27. The method as claimed in claim 26, wherein said covers consist
essentially of one or more polymers.
28. The method as claimed in claim 27, wherein at least some of the
chips of the array remain attached to others of the chips while the
chips are aligned and joined to the covers, the method further
comprising severing the joined chips from each other to provide
individual covered chips.
29. The method as claimed in claim 28, wherein the array of covers
is provided as a unitary piece including said covers and a
plurality of stress-bearing members connecting said covers.
30. The method as claimed in claim 29, wherein said stress-bearing
members include springs.
31. The method as claimed in claim 29, further comprising
supporting said array of covers temporarily on a platen having a
coefficient of thermal expansion (CTE) which matches a CTE of said
chips, each said cover spaced horizontally from at least one other
of said covers, wherein said cover spacing corresponds to a chip
spacing between ones of said optically active circuit areas of said
chips, such that said array of covers is aligned and joined to said
array of chips at an elevated temperature, despite a difference in
a CTE between said array of covers and said chips.
32. The method as claimed in claim 31, further comprising detaching
said platen from said array of covers after said joining.
33. The method as claimed in 31, wherein said covers are attached
to said platen by a temporary adhesive.
34. The method as claimed in claim 33, wherein said adhesive is
degradable by ultraviolet light, and said platen is detached from
said array of covers by irradiating said adhesive with ultraviolet
light.
Description
CROSS-REFERENCE TO RELATED APPLICATIONS
[0001] This application claims the benefit of U.S. Provisional
Application No. 60/568,041 filed on May 4, 2004, entitled
"Structure And Method Of Making Capped Chips"; U.S. Provisional
Application No. 60/506,500 filed on Sep. 26, 2003 entitled
"Wafer-scale Hermetic Package"; U.S. Provisional Application No.
60/515,615 entitled "Wafer-scale Hermetic Package, Wiring Trace
Under Bump Metallization, and Solder Sphere Mask" filed on Oct. 29,
2003; and U.S. Provisional Application No. 60/532,341 entitled
"Wafer-Scale Hermetic Package, Wiring Trace Under Bump
Metallization, and Solder Sphere Mask" filed on Dec. 23, 2003, for
all of which the disclosures are hereby incorporated by reference
herein.
BACKGROUND OF THE INVENTION
[0002] The present invention relates to the packaging of optically
active elements, especially micro-structure elements, such as
photo-sensitive chips and optical source chips.
[0003] Increases in the circuit density of microelectronics now
routinely permit optical devices such as photo-sensitive devices,
e.g., imaging devices, and optical sources to be implemented at the
scale of an integrated circuit or "chip". Such advances, together
with improved performance and lowered cost, now permit
microelectronic image sensors to be used in a variety of
applications such as digital photography, surveillance, certain
cellular telephones, video conferencing equipment, e.g., video
telephones, automotive driver aids, toys, and for control of
machinery, to name a few examples.
[0004] Such optical devices require packaging in microelectronic
elements that either have an opening for a lens, or are otherwise
transparent to optical radiation at a wavelength of interest.
[0005] Optical imaging devices are frequently implemented using
complementary metal oxide semiconductor (CMOS) devices formed in
respective chips of a silicon wafer.

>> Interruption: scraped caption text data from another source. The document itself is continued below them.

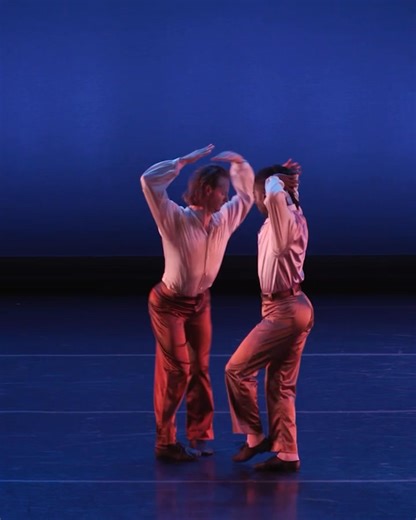 Mark Morris Dance Group on Reels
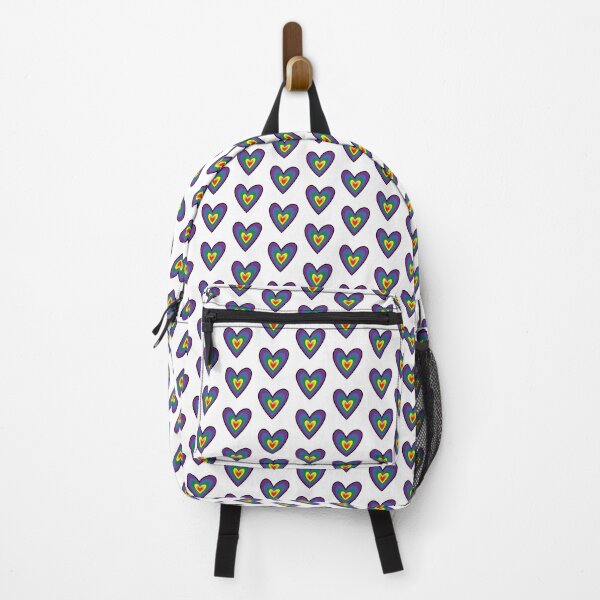 Item preview, Pride Heart 8 designed and sold by MousseFashion.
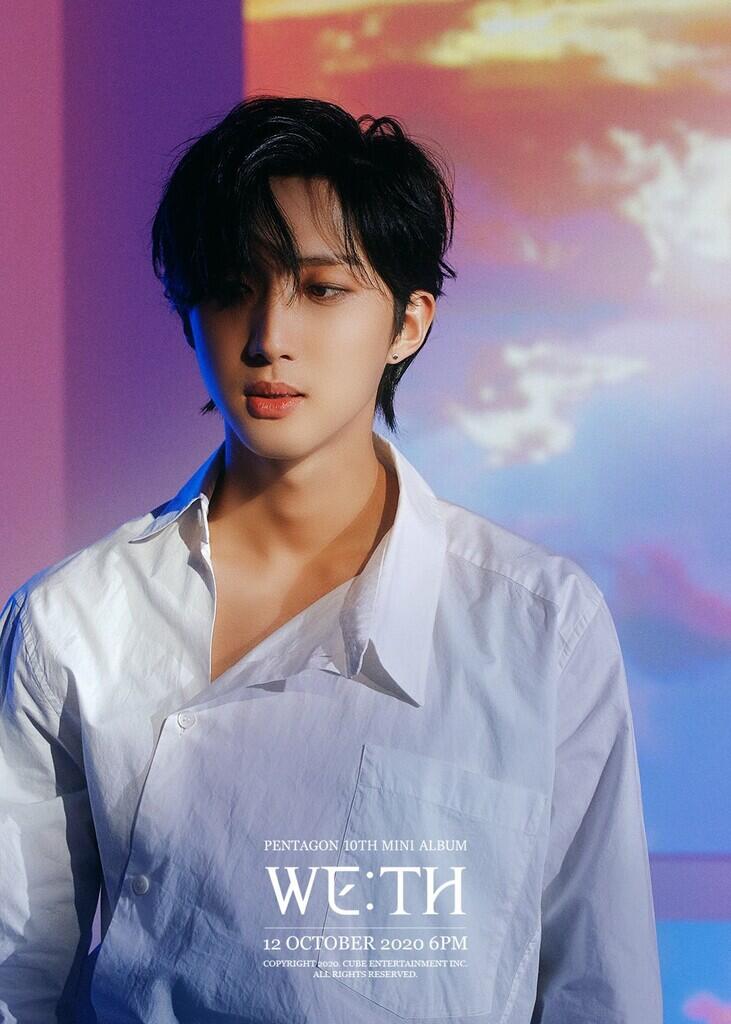 PENTAGON Umumkan Tanggal Baru untuk Konser 'WE L:VE'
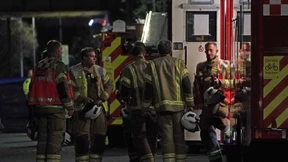 Vier Kinder bei Hausbrand in London ums Leben gekommen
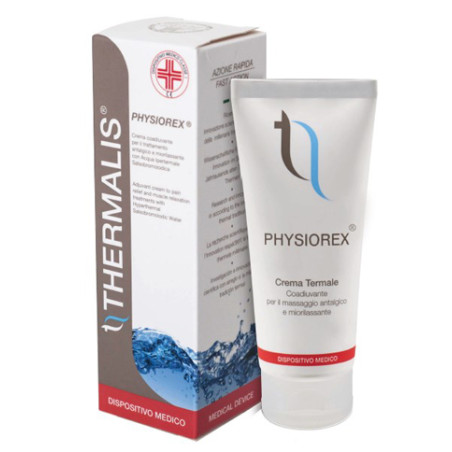 Thermalis Physiorex Cr Termale Thermalis Physiorex Cr Termale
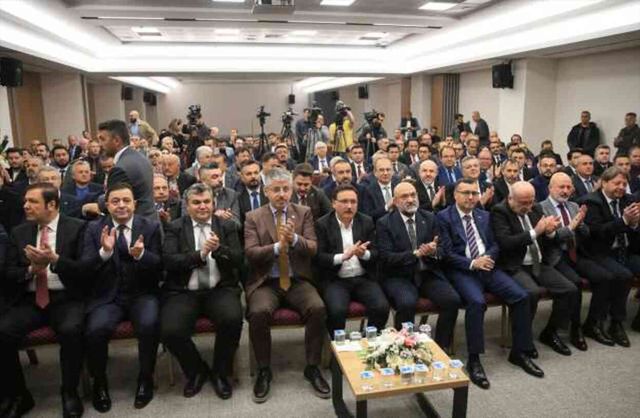 Türkiye'de bir ilk! Kayseri'de istihdam fuarı düzenlendi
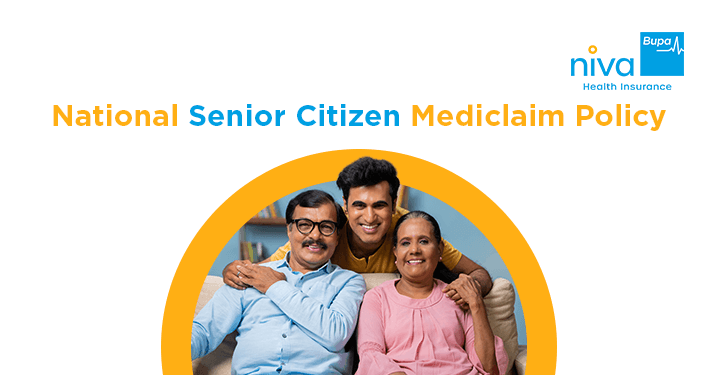 National Senior Citizen Mediclaim Policy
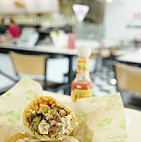 Baja Fresh Mexican Grill food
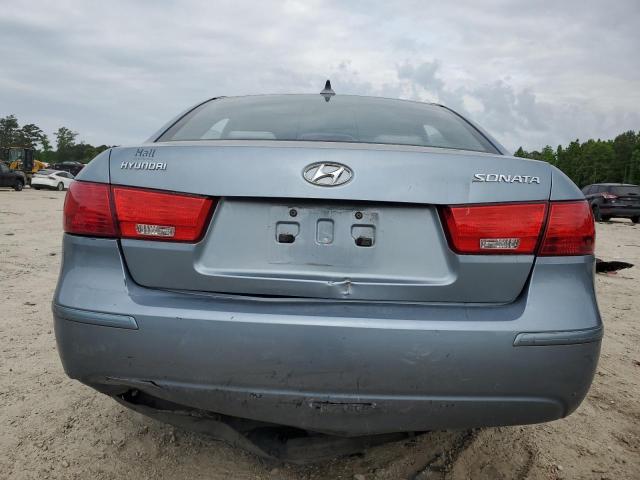 2010 Hyundai Sonata Gls VIN: 5NPET4AC8AH630768 Lot: 54906364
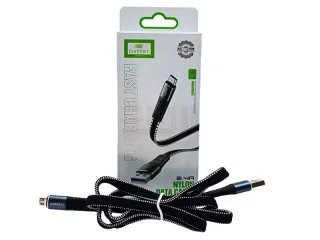 کابل میکرو یو اس بی فست شارژ 2.4 آمپر 1 متری ارلدام Earldom EC-170M USB to micro USB cable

The active component of a CMOS
solid state imaging device is an array of photon detectors disposed
in an optically active area of a chip, the array of detectors
typically being coupled directly to image processing electronics.
Because the area of each chip typically has a size of only a few
millimeters on each side, typically many such imaging sensor chips
are formed on a single wafer at the same time.
[0006] Image sensors pose a special concern for their packaging.
Due to the small size of the photon detectors that are found in
such image sensors, it is important for image sensors to be
protected against the possibility of contamination, e.g., due to
dust, which would ordinarily render the image sensor useless.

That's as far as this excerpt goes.